Hi experts, I am training the Vision model with multiple GPUs (8 GPUs), And I lunched the job with "mpirun --npernode 8 ", which means I use 8 process for 8 GPUs (1 process each GPUs), So I currently initialize with this code:

if torch.cuda.is_available():
            self.seed = int(self.seed)
            random.seed(self.seed)
            np.random.seed(self.seed)
            torch.manual_seed(self.seed)

            # ddp: only set seed on GPU associated with this process
            torch.cuda.manual_seed(self.seed)

            torch.backends.cudnn.deterministic = True
            torch.backends.cudnn.benchmark = False
  1. To keep the deterministic, Must I use torch.cuda.manual_seed_all() ? It seems torch.cuda.manual_seed() with same seed for all 8 process will also keep the deterministic for my job right?

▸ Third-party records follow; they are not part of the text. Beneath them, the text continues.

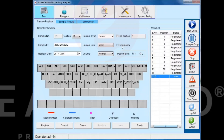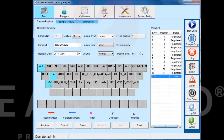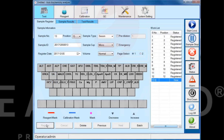When the instrument is running and there is an incoming emergency sample, you can use emergency registration. Choose the emergency function, select the test items, then click the register button to complete the emergency registration. Emergency samples will be tested next, shortening the waiting time.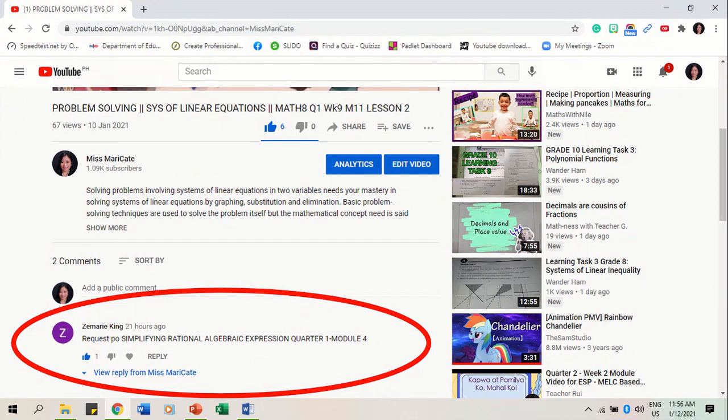So, Ms. Zemmery, here is the video. The slides are originally from Mrs. Giselle Ripuela Bartolome. I would also like to say thank you, Madam, for allowing me to use your slides.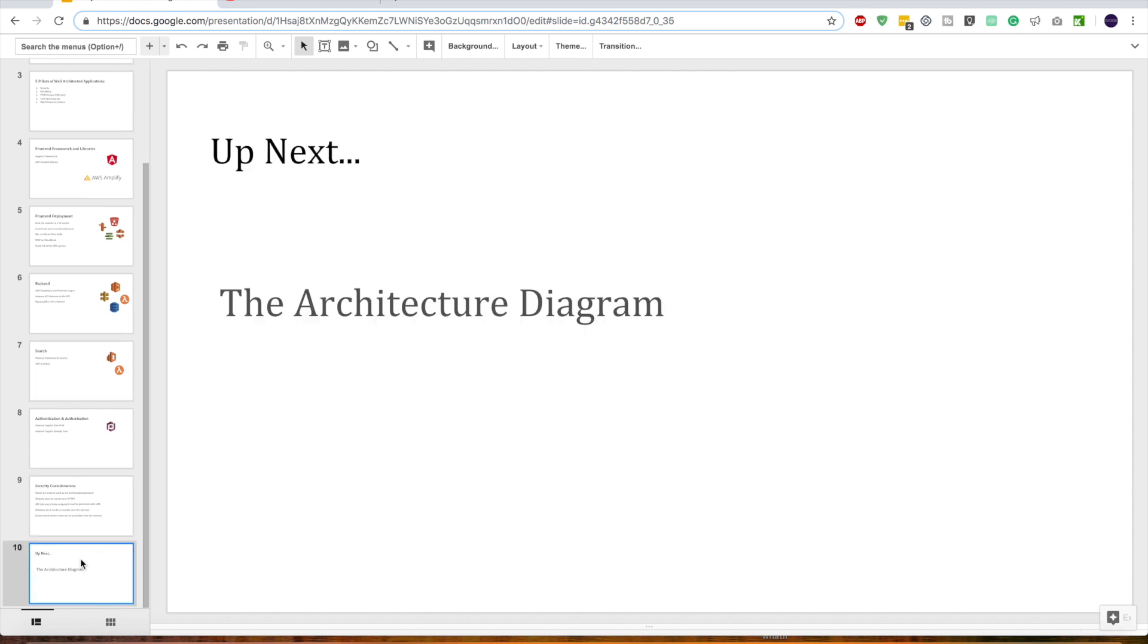Up next is the architecture diagram. Now that we know about all the services we are going to use, we will draw our architecture diagram in the next video. Thank you guys and I'll see you then.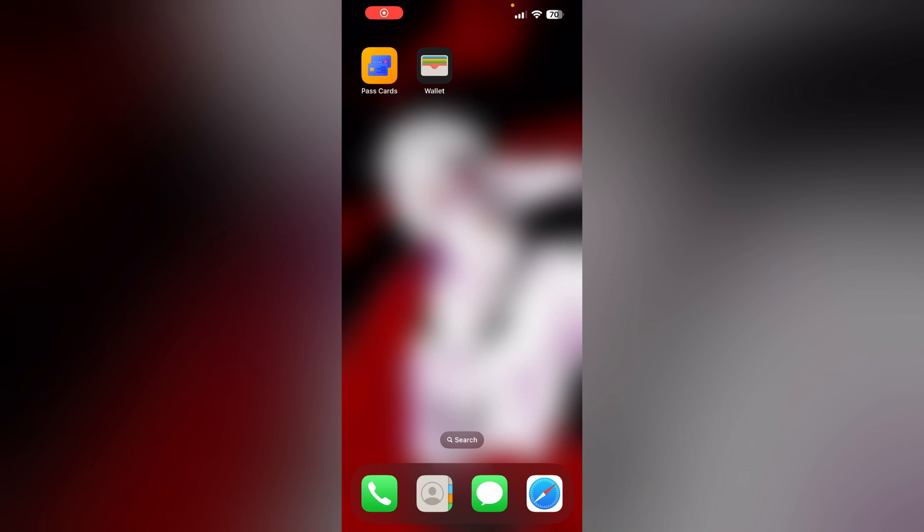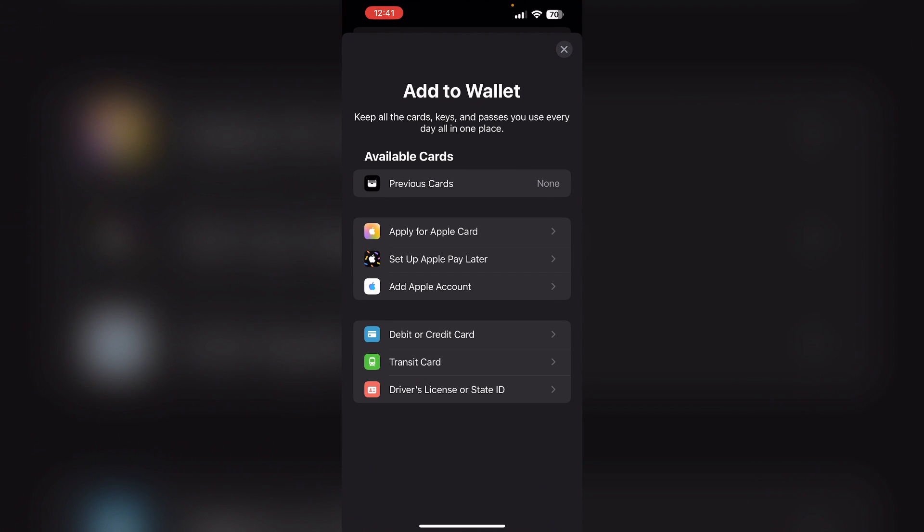Hello guys, welcome to another video in which we would be discussing how to add Tim Hortons card to Apple Wallet. Are you having trouble adding Tim Hortons card to Apple Wallet? Don't worry, in this video we'll help you find a solution for it. Just follow these easy steps.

  2. Similar to the question above. I save the checkpoint (including the random_state blow) of above job

              random_state = {'random': random.getstate(),
                                'numpy_random': np.random.get_state(),
                                'torch_random': torch.get_rng_state(),
                                'torch_cuda_random': torch.cuda.get_rng_state(device=self.opt['device']) if self.opt['CUDA'] else None
                                }

and try to load it by:

        random.setstate(random_state['random'])
        np.random.set_state(random_state['numpy_random'])
        torch.set_rng_state(random_state['torch_random'])
        if self.opt['CUDA']:
            torch.cuda.set_rng_state(random_state['torch_cuda_random'], device=self.opt['device'])

Should I used

torch.cuda.get_rng_state_all() 
torch.cuda.set_rng_state_all () 

instead if

torch.cuda.get_rng_state() 
torch.cuda.set_rng_state() 

to keep deterministic ?

  1. What is your suggestion ( #a or #b below ) is better? :
    #a. torch.cuda.manual_seed() + torch.cuda.get_rng_state() + torch.cuda.set_rng_state()
    #b. torch.cuda.manual_seed_all() + torch.cuda.get_rng_state_all() + torch.cuda.set_rng_state_all()

torch.manual_seed should already seed the CPU and GPU(s) as described in the Reproducibility docs.
Since you are using a single process per GPU, torch.cuda.manual_seed_all (or the other _all calls) should not be necessary.

1 Like